USk İstanbul Sultanahmet Buluşması(18 Şubat 2024)


     Şu obeliskin üzerindeki sembolleri ne kadar uğraşırsam uğraşayım sığmıyor, bu kaçıncı denemem. Bir gün elbet başaracağım, hissediyorum bunu ta en derinlerimde, o zamana kadar çizmeye devam. Şaka bir yana ilk Urban Sketching denememi de yine Sultanahmet Meydanı'nda yapmıştım, o zaman Ayasofya'yı çizmiştim, geçenlerde denk geldim yine eski defterlere bakarken, buraya da eklemeyi düşünürken aklımdan çıkıp gitmiş, şimdi hatırladım tekrardan. Yalnız son buluşmalarda çizim yapmaya aşladım gibi tekrardan hadi hayırlısı...



13 Ocak 2024 Cumartesi

USk İstanbul Kuzguncuk Buluşması Harici Her Şey(13.01.2024)
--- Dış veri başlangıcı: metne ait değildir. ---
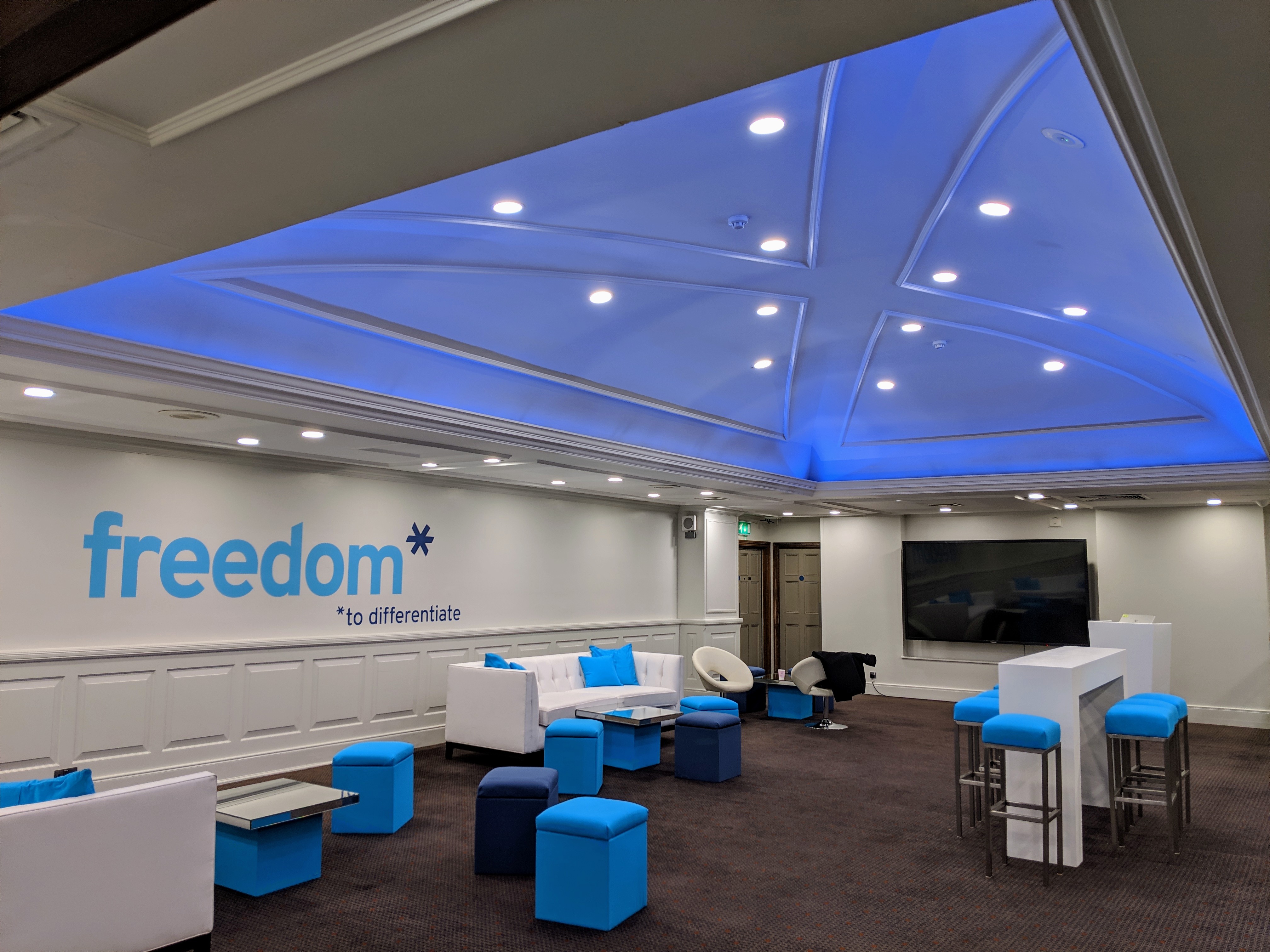 Modern meeting space at The James Watt, featuring sleek furniture and vibrant blue accents.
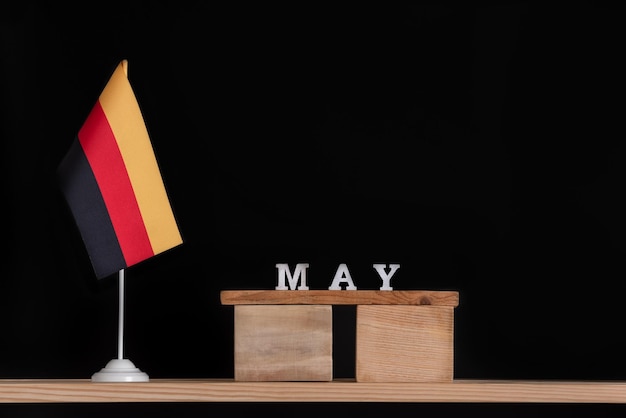 Wooden calendar of May with German flag on black background Dates in Germany in May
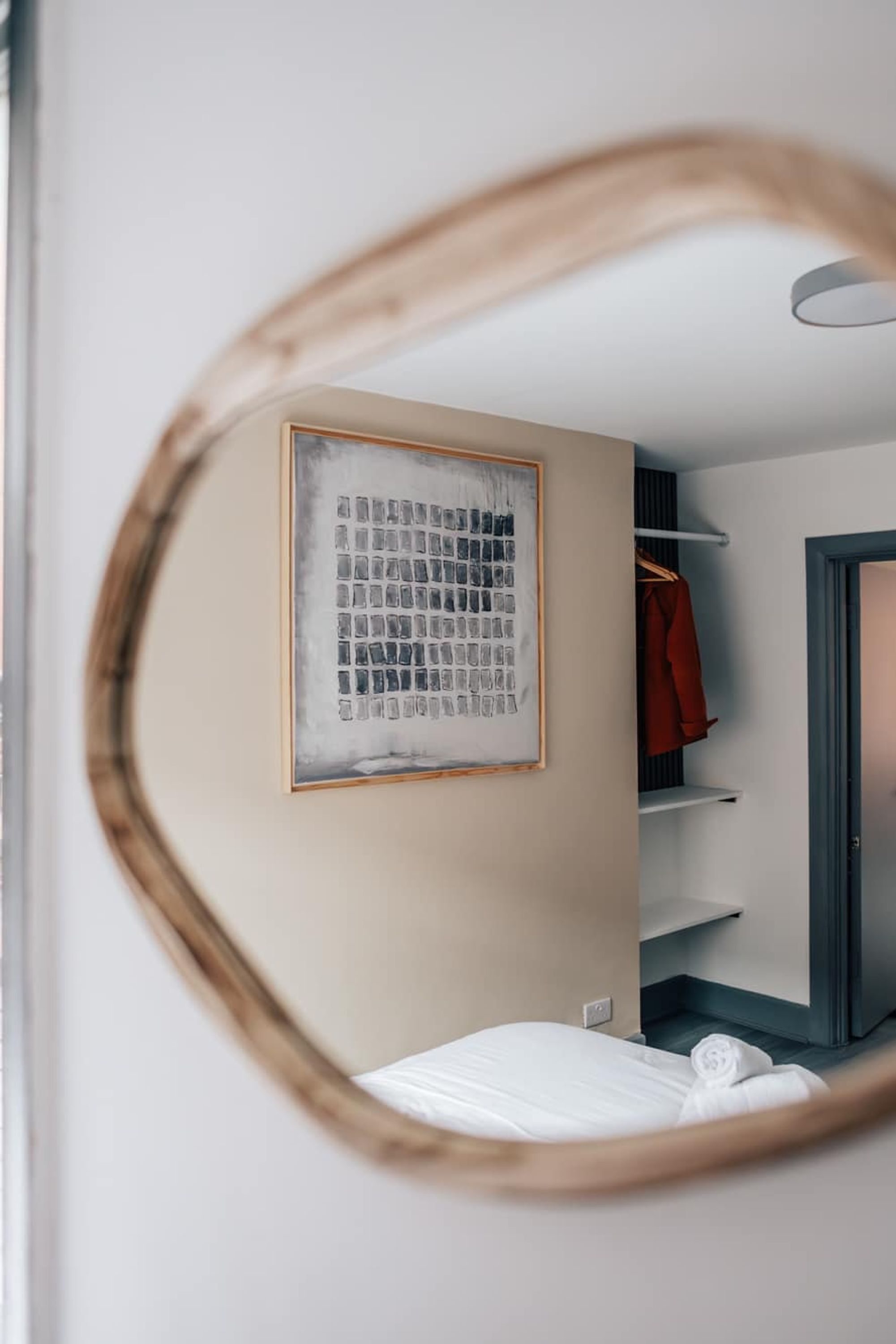 Ein Schlafzimmer mit einem Bett, einem gerahmten Bild an der Wand, einem Schrank mit Regalen und einer Tür.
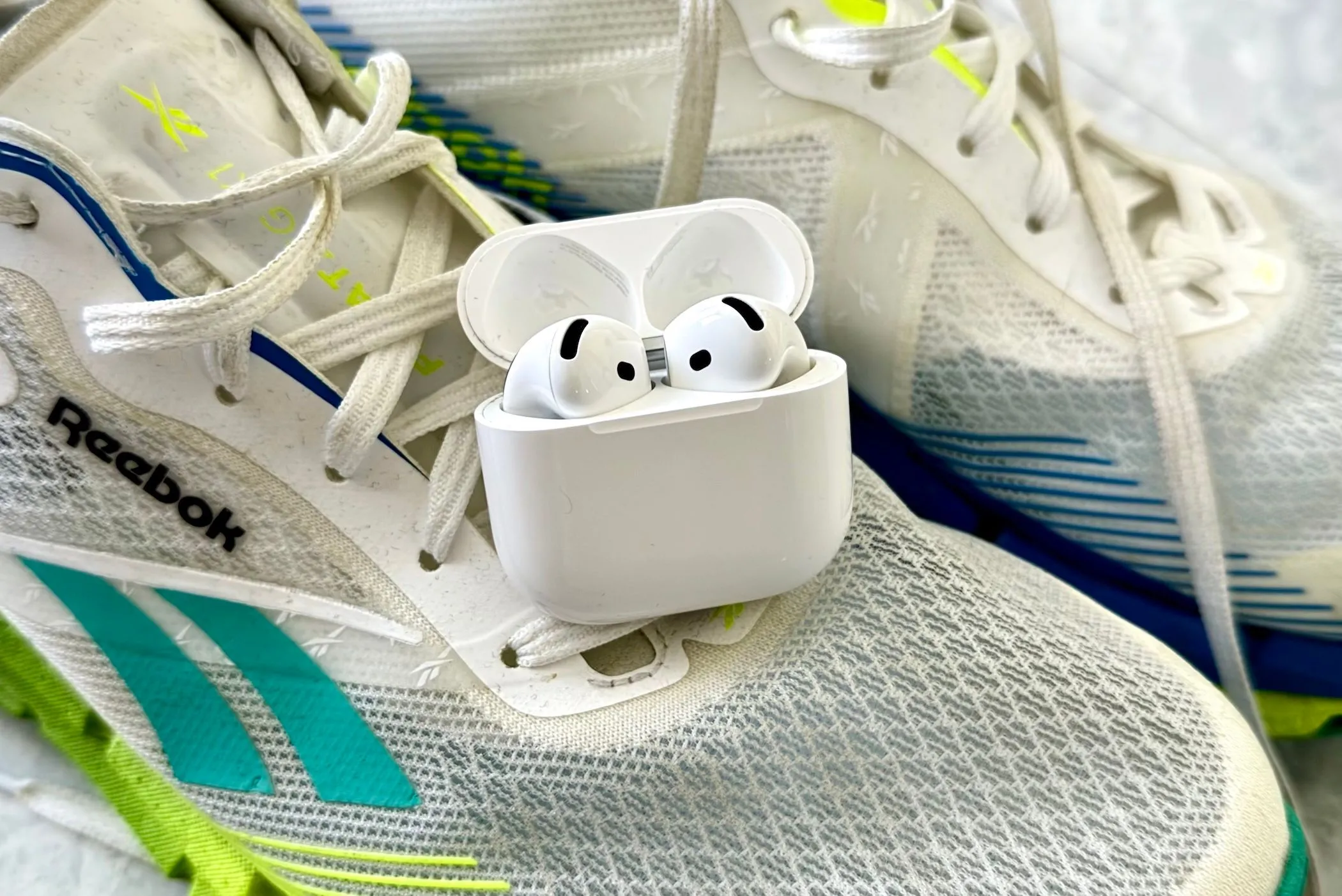 Tai nghe AirPods 4 và giày chạy bộ, biểu tượng cho việc tập luyện với Apple Watch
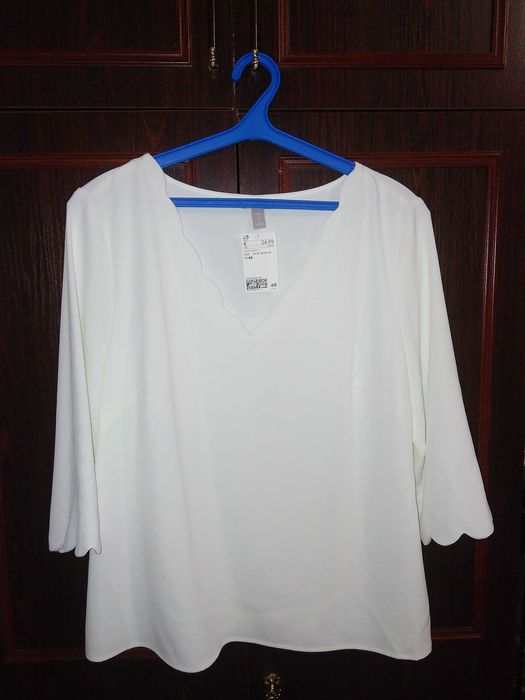 Блузка нарядна білого кольору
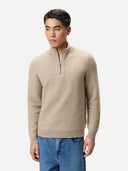 Men's Organic Colour Cashmere Waffle Knit Half-Zip Sweater Warm Grey worn by model, detail view on white background #color_dusty-beige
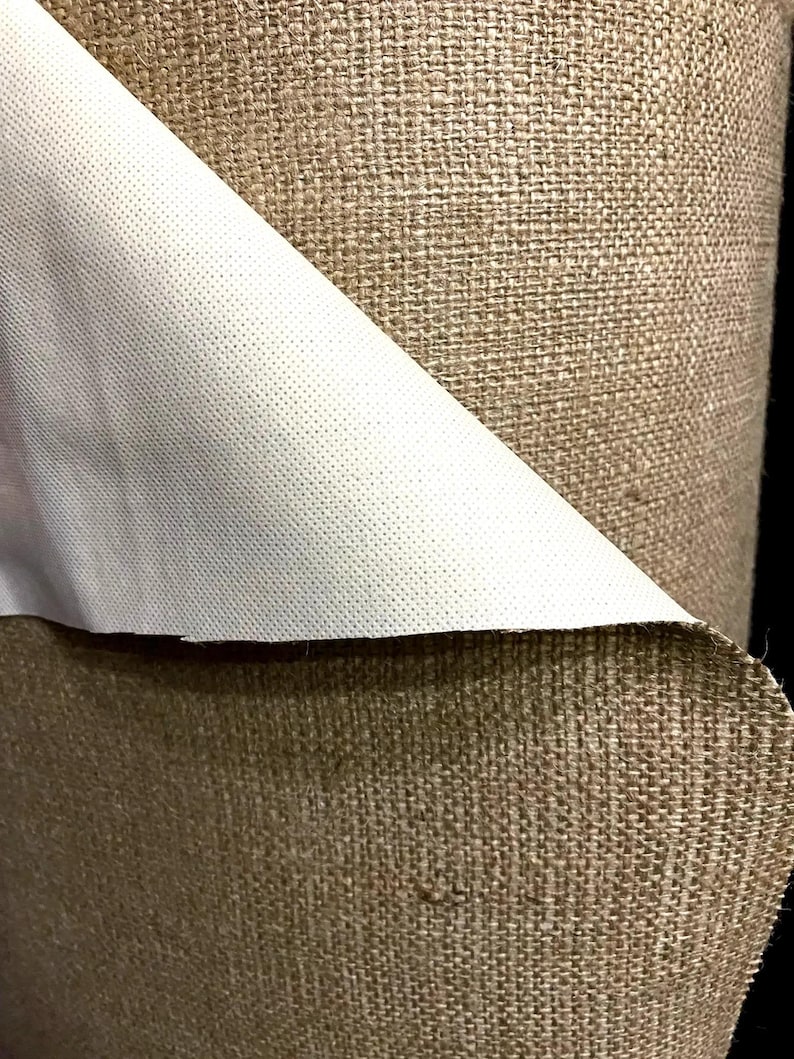 May include: Close-up of a roll of brown burlap fabric with a white backing. The fabric has a woven texture and is ideal for crafting projects.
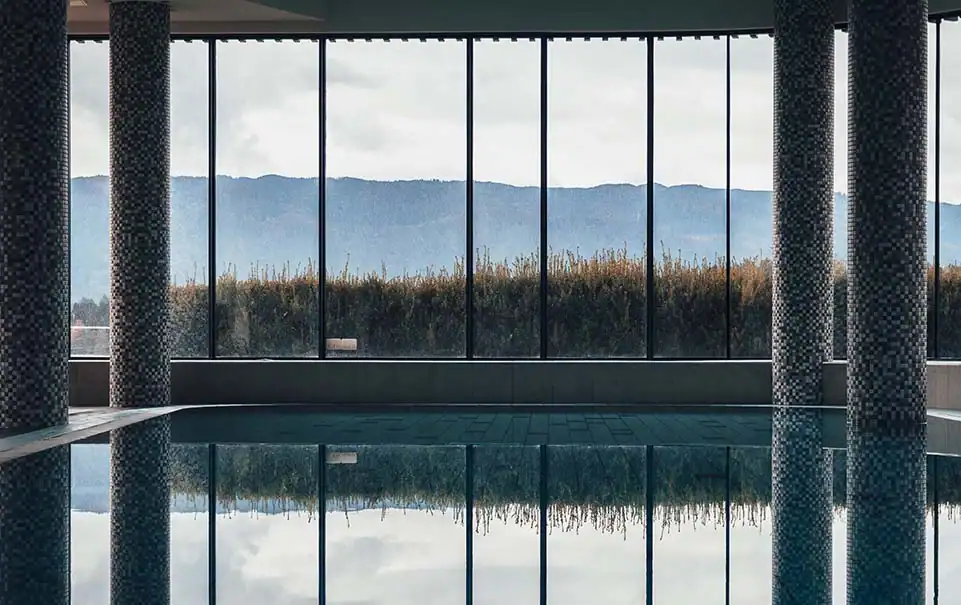 Moderner Wellnessbereich mit grossen Fensterflächen und Blick auf die umliegende Landschaft.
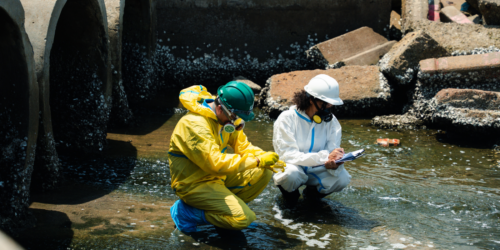 Workers testing chemicals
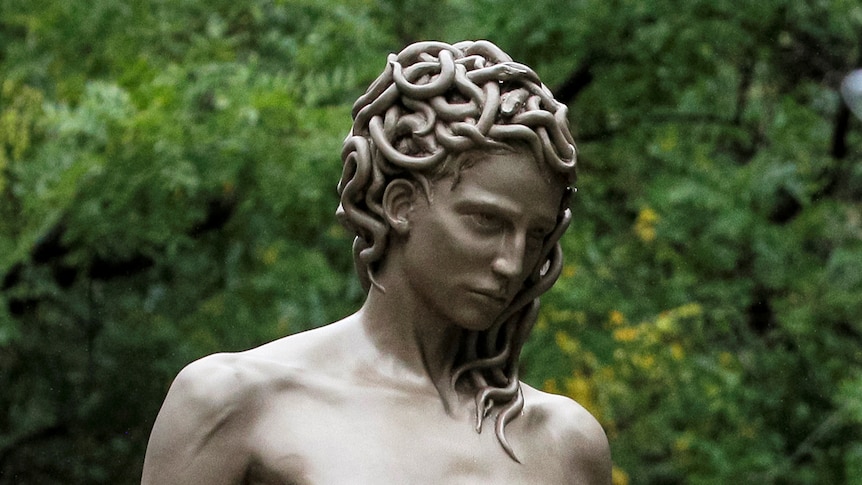 Two women take a selfie in front of a statue of a woman with snakes for hair 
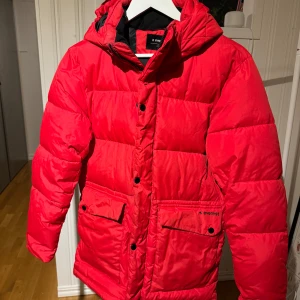 Röd dunjacka från Everest - Säljer en röd dunjacka från Everest med huva och knäppning framtill. Jackan har praktiska fickor med knappar och är perfekt för kalla dagar. Den är både stilren och funktionell, vilket gör den till ett bra val för vintern.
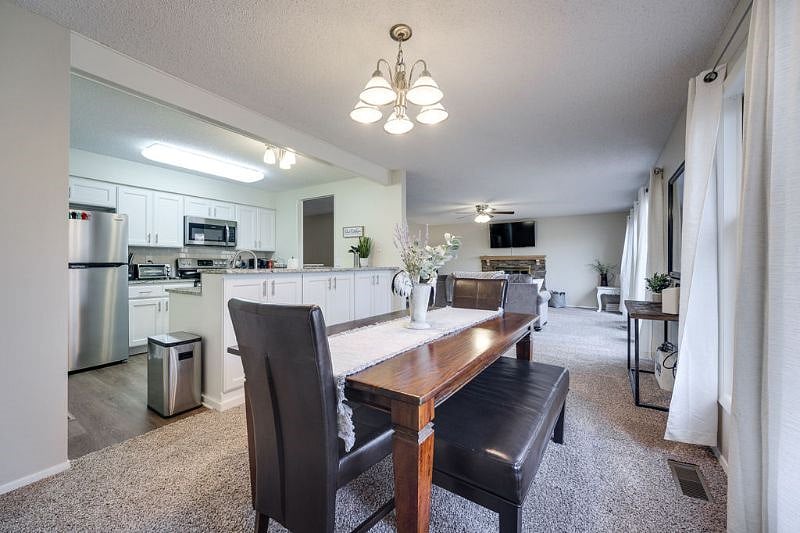 Dining area that comfortably sits 6 and opens up to the living room. Enjoy meals and game nights right here, or set up your work station.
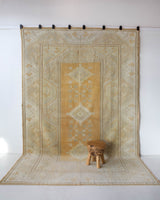 Area rug in a living room setting, pile rug, Turkish rug, old rug, antique rug, pastel colors, faded colors, Turkish rug, vintage rug, soft rug, Portland, Oregon, rug store, rug shop, local shop, warm colors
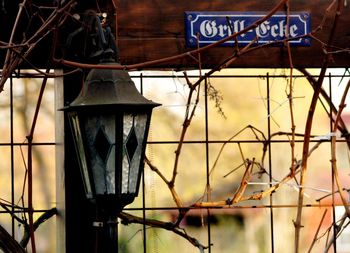 Low angle view of electric lamp hanging on old metal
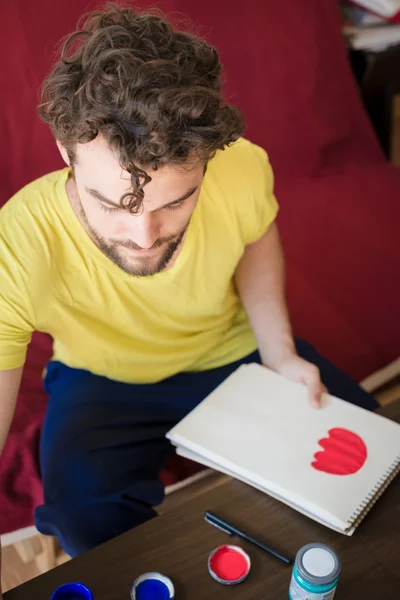 Handsome hipster modern man painting — Stock Photo, Image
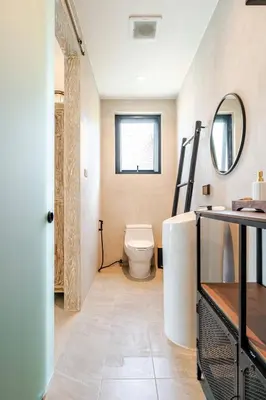 a bathroom with a toilet and a mirror at Sarah Place Private Tropical Villa in Ban Pak Lak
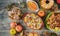 Thanksgiving dinner served with turkey, decorated with autumn leaves and pumpkin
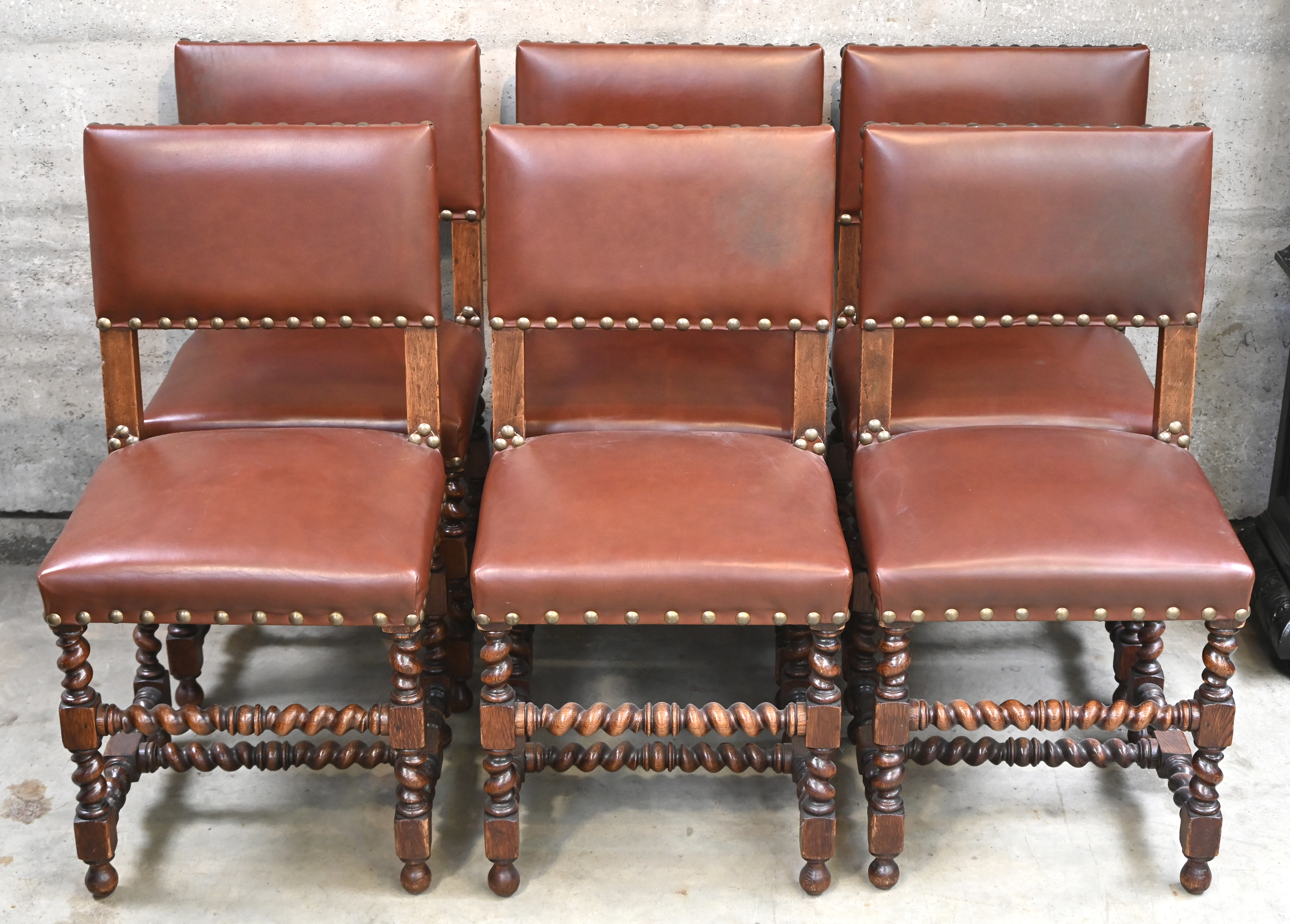 Een serie van 6 eikenhouten stoelen in renaissance stijl, bekleed met leder en voorzien van grote koperen siernagels Een serie van 6 eikenhouten stoelen in renaissance stijl, bekleed met leder en voorzien van grote koperen siernagels.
     Kürkçü dükkanına iddialı bir giriş yapmayı planlıyordum ancak sonrasında kenarda köşede bu iddianın içini dolduracak kadar çizim vs. birikmediğini fark ettim. İddiamdan vazgeçmem kendi yararıma daha iyi olacak gibi. Böyle günler sonra yazınca da insan çizimi yaptığı güne dair pek bir şey hatırlayamıyor doğal olarak. Tahminim eşimle eski dostum Covid'i de aynı gün kaptık, annemin geçmek bilmeyen soğuk algınlığı şikayeti ve ailede pek rastlanmayan tansiyon şikayeti konusunda şüphelenmekte haklıymışım, iki sene sonra tekrardan Covid olduk. Hiç özlememişim kendisini, aşılardan sonra atlatması ilk sefer kadar zor olmadı ancak hala daha toplayabilmiş sayılmam, nedense bende hastalığın en kötü etkisi vücudu kurutması oluyor, gün içinde litrelerce su içsem de hala vücudumda kuruluğu hissediyorum. Mevzu resimden nerelere geldi diye düşünenler için aslında çizdiğimiz her resim kristalize olmuş bir anı parçası olarak ele alınabilir, bu kristalin içinden de bu anım çıktı.